### EXERCISE DETAILS
The line containing "This luxurious modern" and every line after it to the end of the records: set those down exactly, without any pictures.

(Stored items)
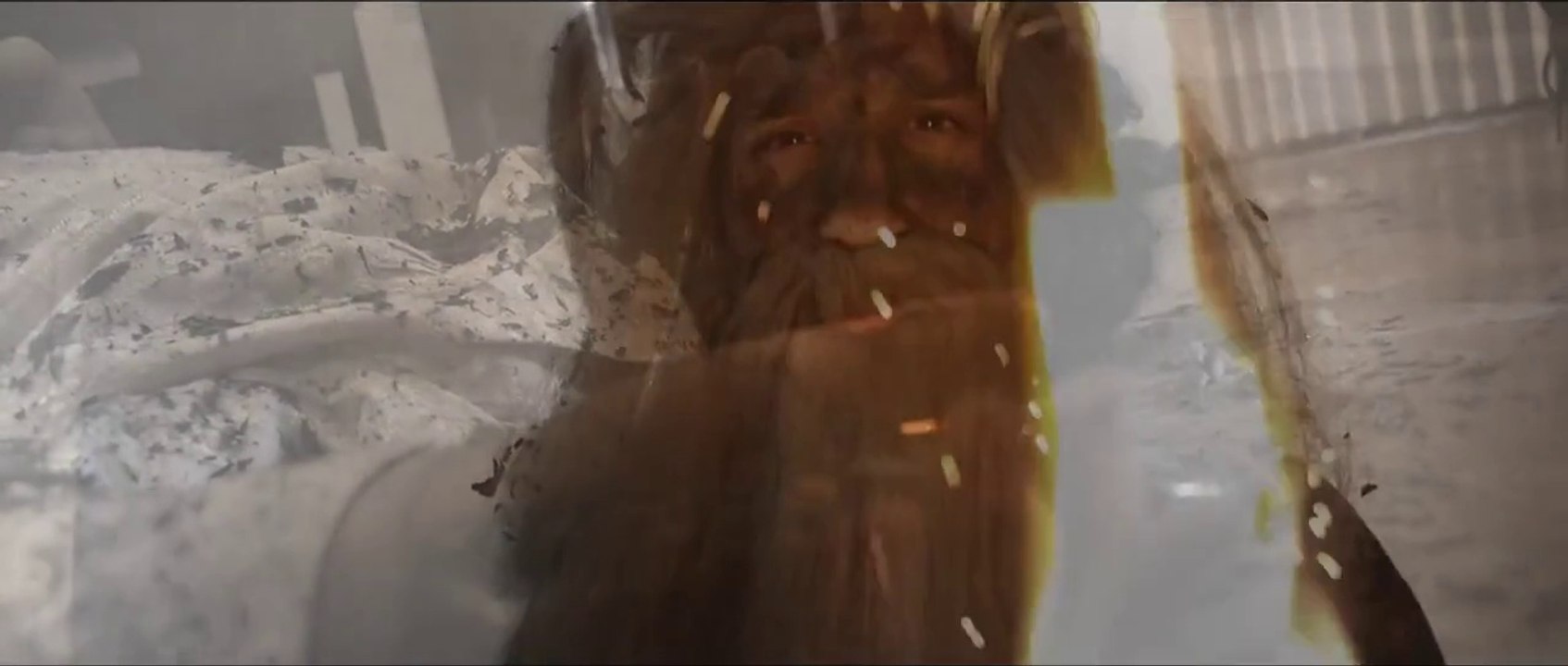 Game of Thrones fans VS Lord of the Rings fans! Battle for remote!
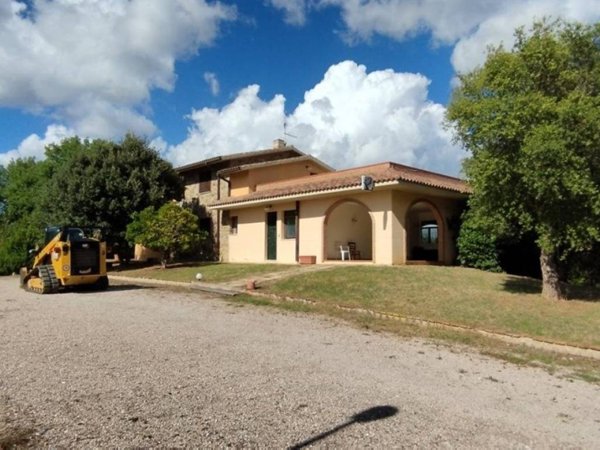 casa indipendente in vendita a Cinigiano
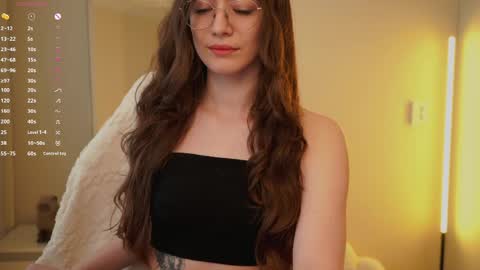 Snapshot of ester_hill chatting on May 14, 2026, 6:31 am Ester online show from May 14, 2026, 6:31 am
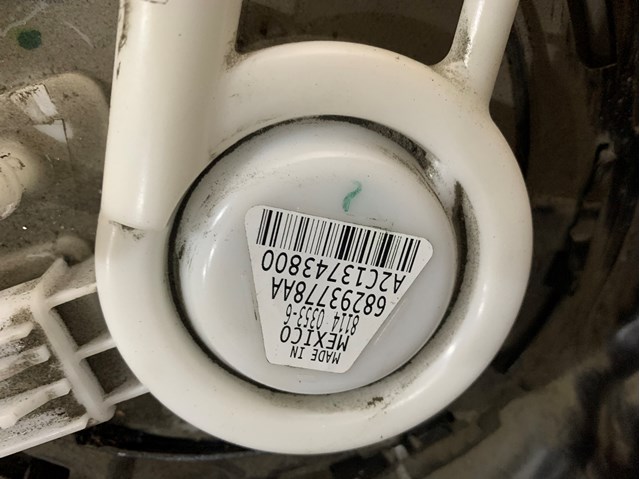 Паливний насос Chrysler 68293778AA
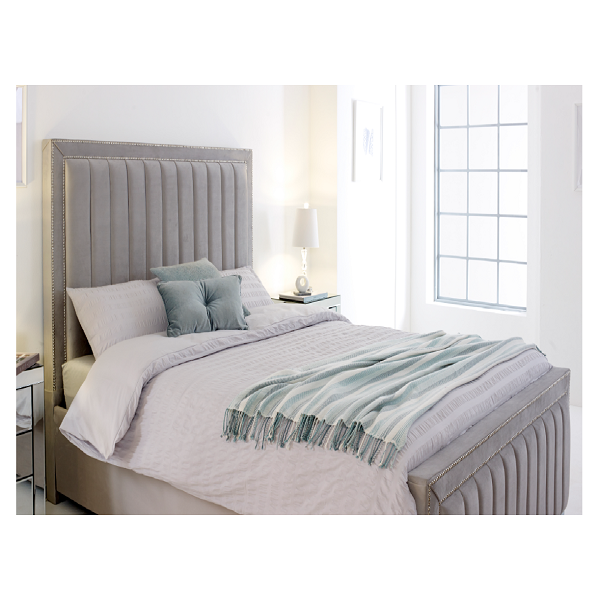 Classic Charm: Sierra Panel Border Bed.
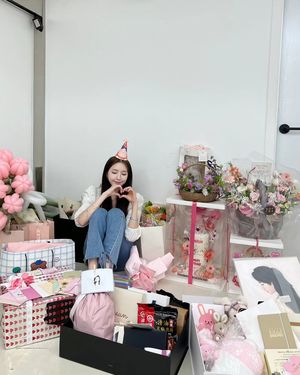 ‘정현규♥’ 성해은, 생일카페 이벤트→팬들과 만남 공개…“5백 명 넘게 방문”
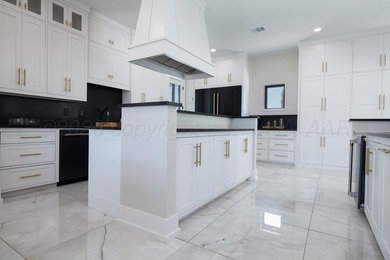 This luxurious modern residence blends clean architectural lines - photo 15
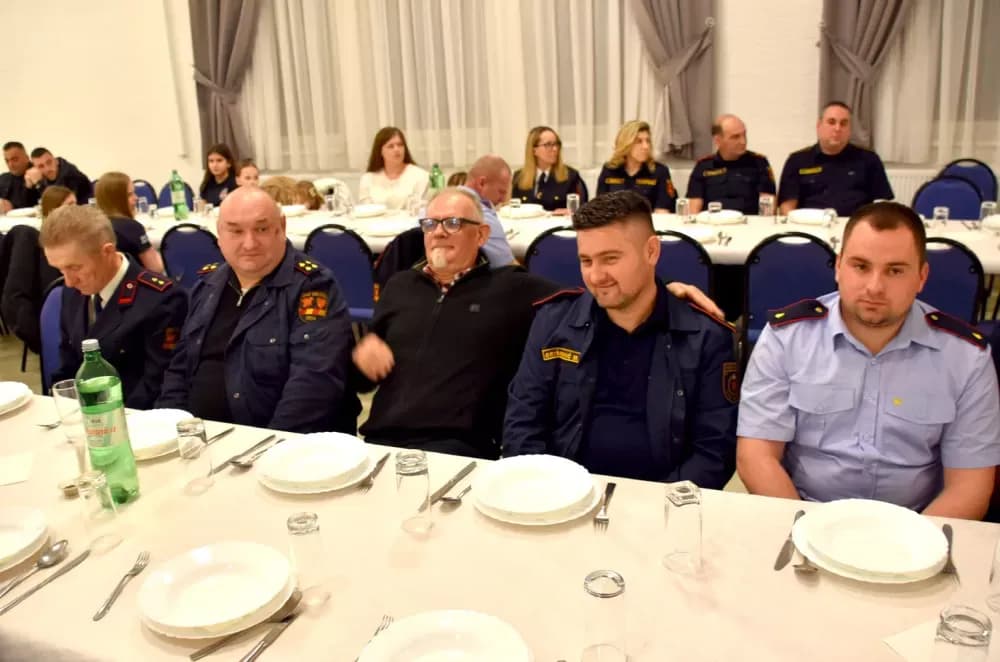Velički vatrogasci uz 32 intervencije hvatali su zmije i uklanjali stršljenove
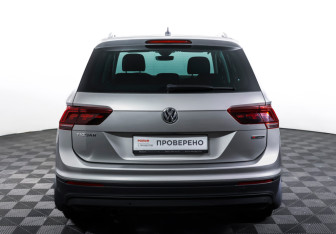 Подержанный автомобиль Volkswagen Tiguan 2020 года (6 фото)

### TASK RESPONSE
 This luxurious modern residence blends clean architectural lines - photo 15
Velički vatrogasci uz 32 intervencije hvatali su zmije i uklanjali stršljenove
 Подержанный автомобиль Volkswagen Tiguan 2020 года (6 фото)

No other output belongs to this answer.